In what has become a recurring theme, Mayor Michael Bloomberg lashed out at the City Council Friday for legislation he says would be bad for business. NY1's Bobby Cuza filed the following report.
This time, the mayor's gripe with the City Council is over a proposed bill that would bar companies from running credit checks on job applicants.
"It would be irrational, irresponsible," Bloomberg said on his radio show Friday. "Of course you'd look at somebody's history. What else of basis are you going to decide whether a person's going to be a good employee?"
"There’s all kinds of things to look at," said Brooklyn Councilman Brad Lander, the bill's sponsor. "You look at people's resumes. You look at people's references."
Lander said bad credit can result from uninsured medical expenses or other uncontrollable circumstances.

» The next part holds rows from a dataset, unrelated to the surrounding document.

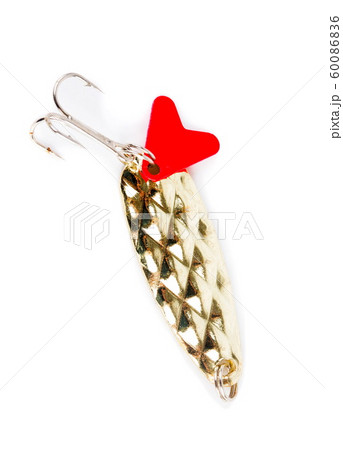 Fishing lure isolated on the white Fishing lure isolated on the white 60086836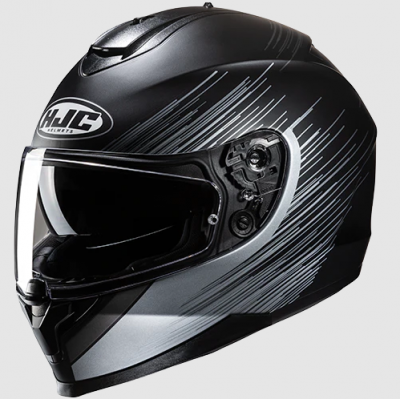 Κράνος μηχανής HJC C70N SWAY BLACK/SILVER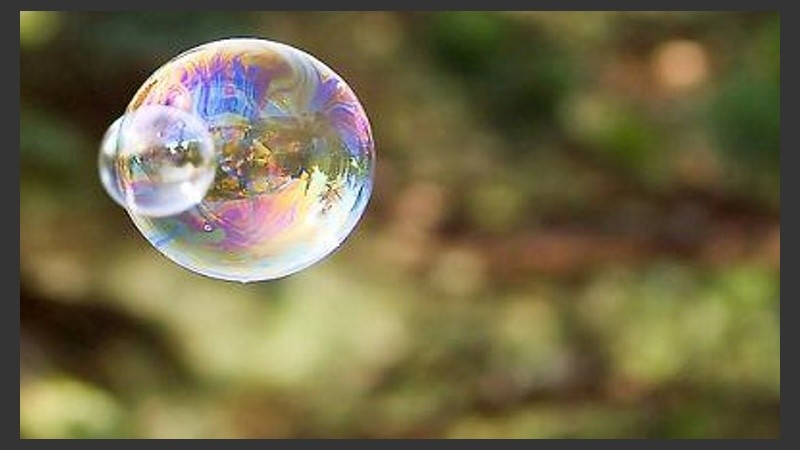 Viento a favor para hacer burbujas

"There's no evidence of correlation between your credit report and your job performance, or whether you're likely to engage in fraud," Lander said. "There's just not. Those studies have been done."
The credit check legislation is just the latest bill out of the City Council that the mayor has forcefully opposed as being anti-business. The list includes the so-called living wage bill, a measure that would bar hiring discrimination against the unemployed, as well as the paid sick leave bill, which applies to businesses with 20 or more employees.

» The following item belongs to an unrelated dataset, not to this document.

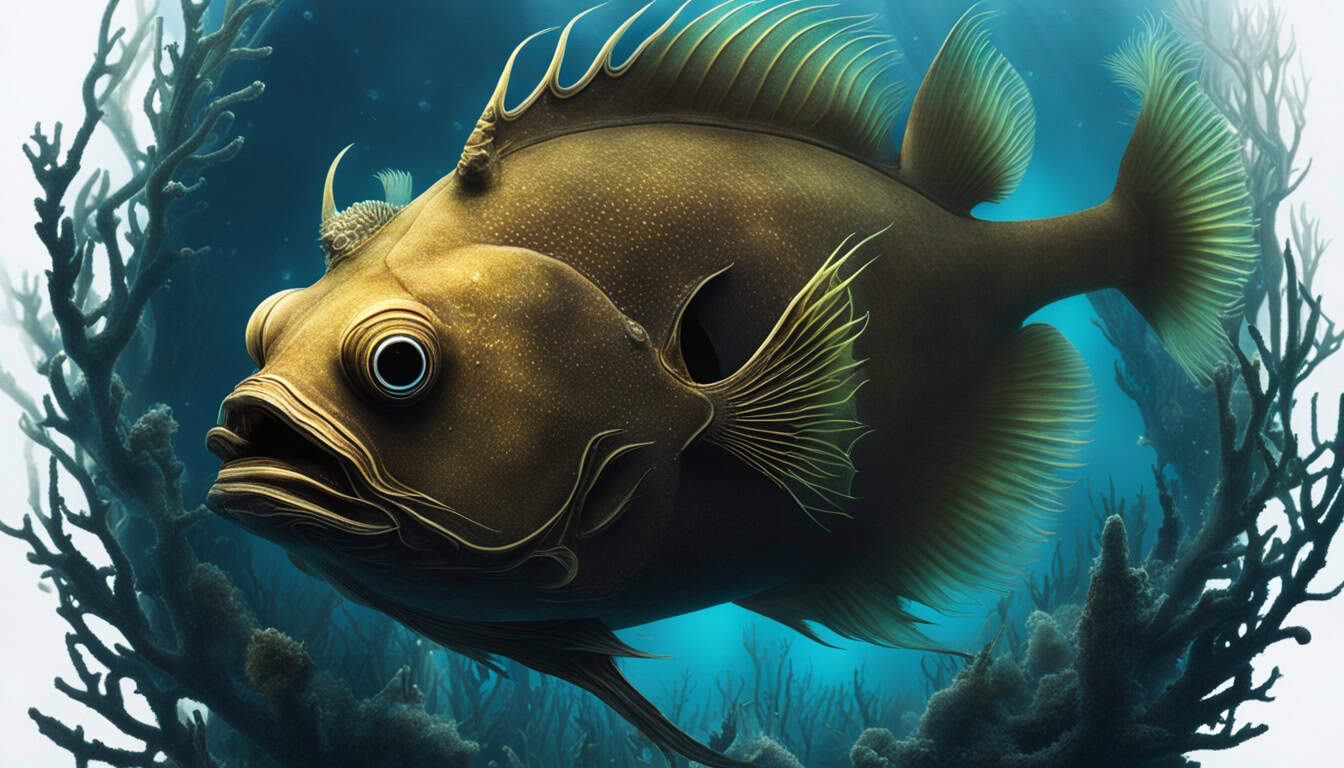 How do anglerfish camouflage?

"If we have 20 employees, fire one, and you're ahead of the game. Or, what they've done in other places, have two 10-person companies," Bloomberg said. "These things are nonsensical, and they are decisions being made by people who have never run a small business."
Bloomberg did not single out City Council Speaker and political ally Christine Quinn, who is also a candidate for mayor. He even praised her speech Thursday calling for city control of the MTA.
"At least Quinn's got some ideas," he said.
The mayor also had kind words for a bill that would more tightly regulate food trucks, sponsored by Councilman Dan Garodnick, saying it's worth looking at.
As for the credit check bill, Quinn, who controls what legislation comes to a vote, hasn't yet taken a position.